AVAILABLE RECORDS: Begin

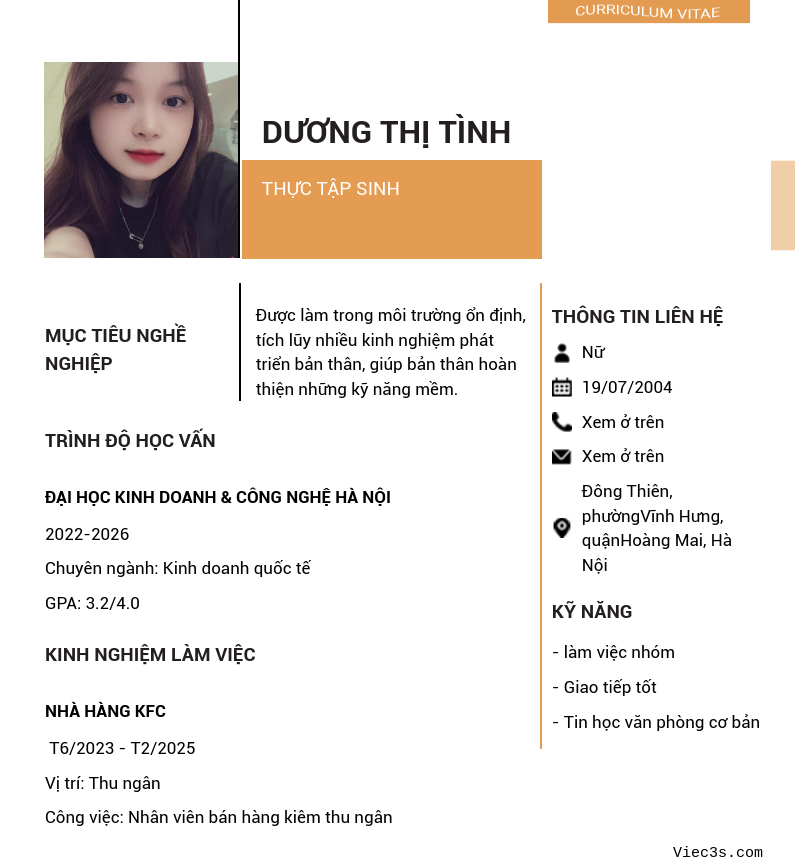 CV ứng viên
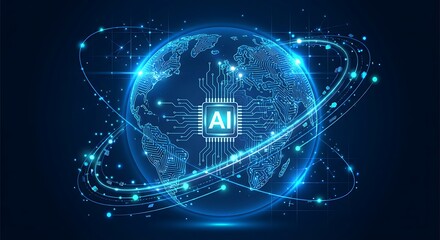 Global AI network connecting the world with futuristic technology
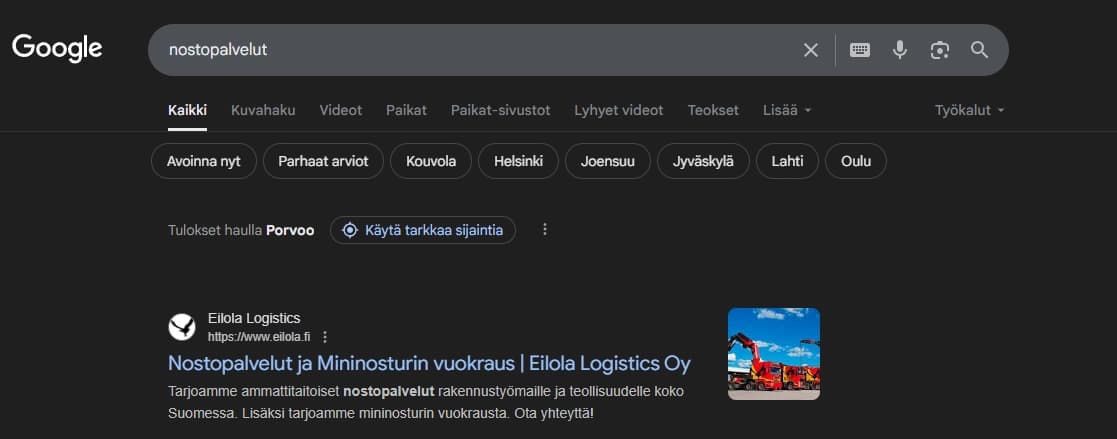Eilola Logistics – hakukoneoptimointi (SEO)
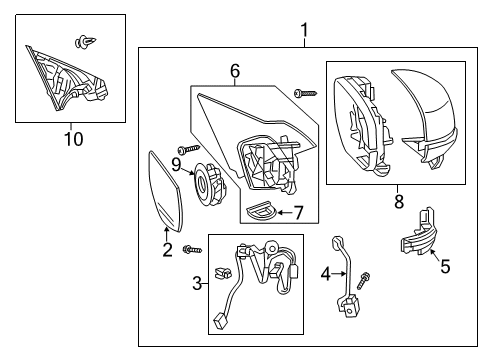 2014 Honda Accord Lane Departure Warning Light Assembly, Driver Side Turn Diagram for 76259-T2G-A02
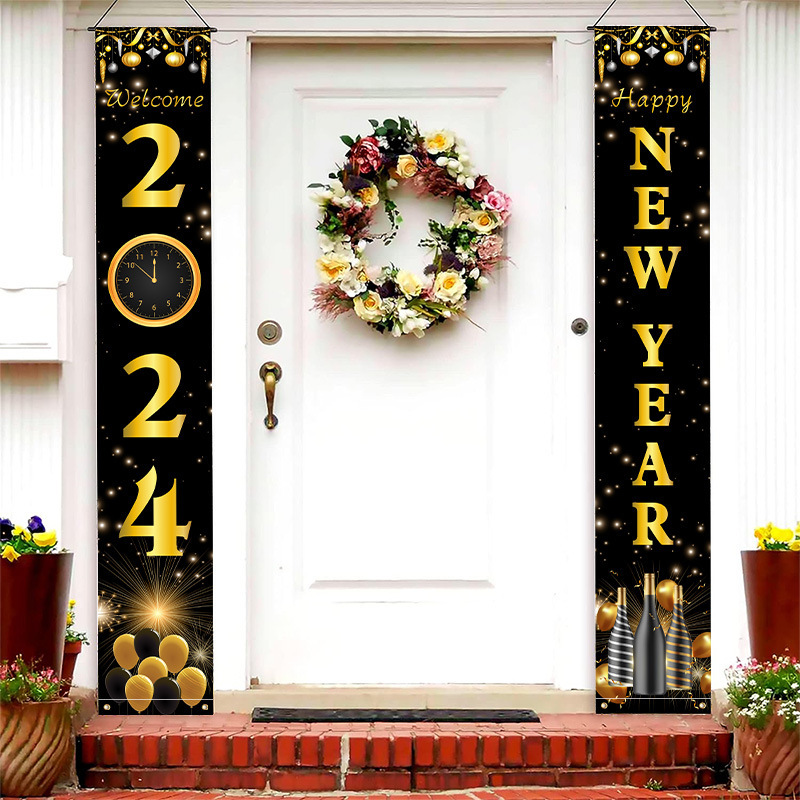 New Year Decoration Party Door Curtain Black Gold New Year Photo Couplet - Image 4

AVAILABLE RECORDS: End
AVAILABLE RECORDS: Begin

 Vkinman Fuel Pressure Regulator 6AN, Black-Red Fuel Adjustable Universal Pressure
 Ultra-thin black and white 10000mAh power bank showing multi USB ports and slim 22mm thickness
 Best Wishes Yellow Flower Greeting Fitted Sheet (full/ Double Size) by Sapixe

AVAILABLE RECORDS: End

WORK TO BE COMPLETED: In the material above, which lines fall between the one holding "CV ứng viên" and the one holding "2014 Honda Accord", inclusive? Print exactly those, with the pictures left out.

RESPONSE FOR THIS EXERCISE:
 CV ứng viên
 Global AI network connecting the world with futuristic technology
Eilola Logistics – hakukoneoptimointi (SEO)
 2014 Honda Accord Lane Departure Warning Light Assembly, Driver Side Turn Diagram for 76259-T2G-A02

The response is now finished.